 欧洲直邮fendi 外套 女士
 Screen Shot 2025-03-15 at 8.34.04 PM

------------------------------

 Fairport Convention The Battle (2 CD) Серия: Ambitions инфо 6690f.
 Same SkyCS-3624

------------------------------

**Your objective:**
Of the entries above, transcribe exactly those lines that fall between the line containing "欧洲直邮fendi 外套 女士" and the line containing "Screen Shot 2025-03-15 at 8.34.04 PM", together with those two lines.

**Solution for this task:**
 欧洲直邮fendi 外套 女士
 Screen Shot 2025-03-15 at 8.34.04 PM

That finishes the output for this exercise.